Mr HIBBINS (Prahran) — I rise to speak on the Bail Amendment Bill 2015. I will refer to the amendments regarding the Children, Youth and Families Act 2005 first. This bill will create a presumption in favour of initiating criminal proceedings by summons rather than by arrests, to align with Victoria Police best practice. The Greens strongly support these provisions to address the very important concerns in relation to the large increase of children on remand that were expressed by the Victorian commissioner for children, Mr Bernie Geary, and the former Children's Court president, Peter Couzens Earlier this year Mr Couzens warned that there was a 57 per cent surge in the number of young people under 18 being refused bail between October and the end of December 2014 compared to the same period in the previous year. Many youth advocates at the time blamed the surge on the changes to the Bail Act 1977 made in late 2013, which included the introduction of a new offence to create a condition of bail and the lack of child-specific criteria in the Bail Act.
The Victorian Greens justice spokesperson, Sue Pennicuik, a member for Southern Metropolitan Region in the other place, this year raised with the Attorney-General concerns about the steep increase in the number of children on remand and asked that action be taken to address this very important issue, including that children be excluded from the show-cause provisions of the Bail Act and that the government add child-specific criteria to the sentencing provisions in the Children, Youth and Families Act.
It was highlighted by the Victorian Law Reform Commission (VLRC) in its final report into the Bail Act in January 2007 that children are particularly vulnerable in their dealings with the criminal justice system.

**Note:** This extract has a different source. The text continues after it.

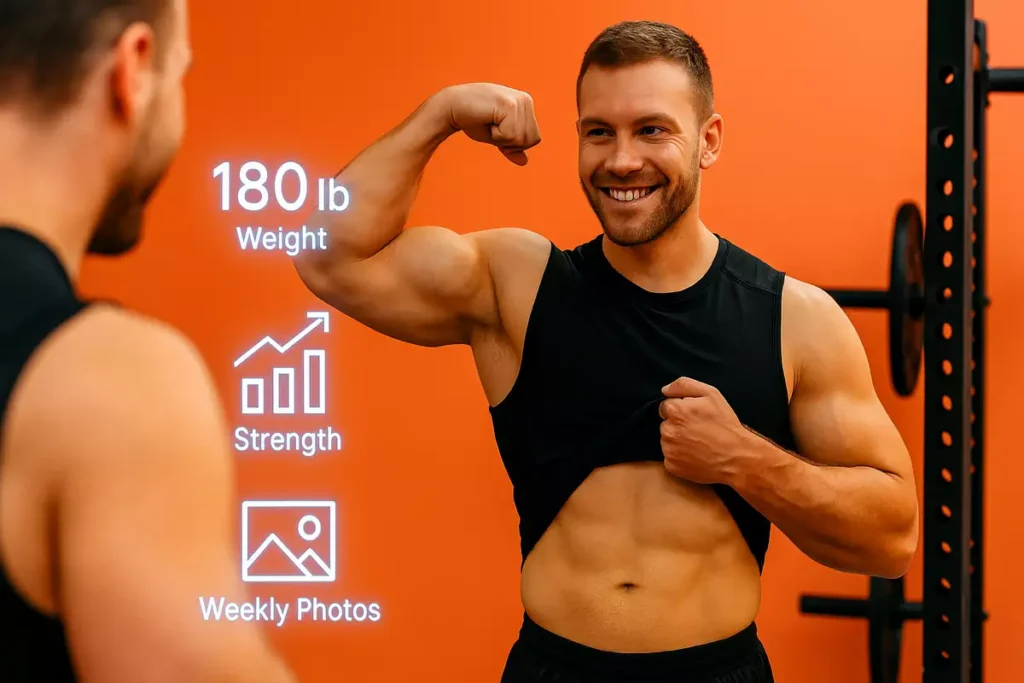 Man checking body transformation in mirror with tracked weight and progress stats
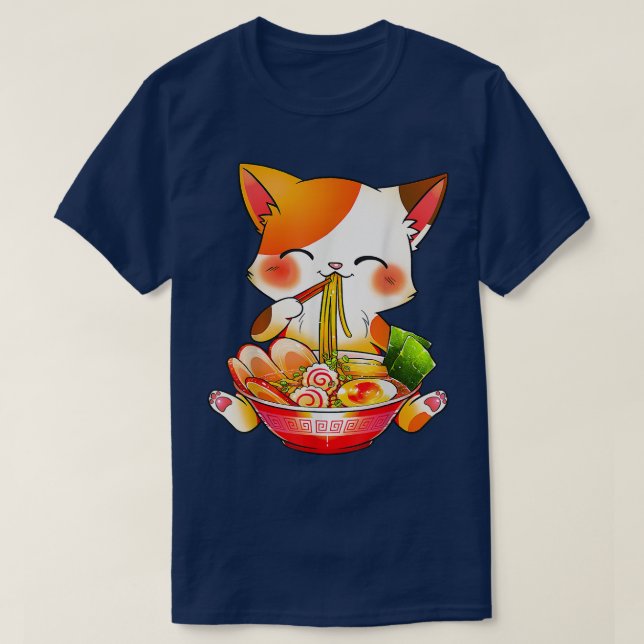 Ramen Cat Neko Anime Kawaii Japanska T Shirt (Design framsida)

Therefore the Greens are of the view that it makes sense when considering bail for children to focus as much as possible on preserving the child's relationship with their family or carers, to not have their living arrangements disturbed, to support the continuing of the child's education or training and to minimise the stigma — all of which this bill addresses by adding child-specific criteria for consideration of bail applications in relation to children and young people.
We also fully support removing children from the offence of breaking a bail condition under clause 16 and providing for the presumption for initiating criminal proceedings against children by way of summons rather than arrest, which responds to concerns put by lawyers and by the Department of Health and Human Services that there are instances where the police should proceed with a matter by way of summons rather than arrest. This presumption to proceed by way of summons will also assist in ensuring that decisions on how criminal proceedings are initiated are more consistent and overcome those concerns that there is sometimes no rhyme or reason to why police will decide to charge in some instances and then use a summons in others, as noted in the VLRC report.
The bill also expands who can grant permission for the publication of the identity of those involved in Children's Court proceedings, from the president of the Children's Court to any Children's Court magistrate, which the Greens also support.
There are further amendments to the Bail Act regarding terrorism, the failure to appear and serious offences. We are involved in an ongoing dialogue with the government and we have some questions regarding those provisions, which I am sure will be addressed in the other place. The Greens understand that the state must do all it can to protect the community from terrorism and ensure that adults and children feel safe, while at the same time upholding its responsibilities to preserve and protect the rights of accused people who are innocent until proven guilty, and ensure that unjust detention does not occur. In that context we will be raising questions regarding those matters in the other place. As I said, the Greens will be supporting this bill in this house.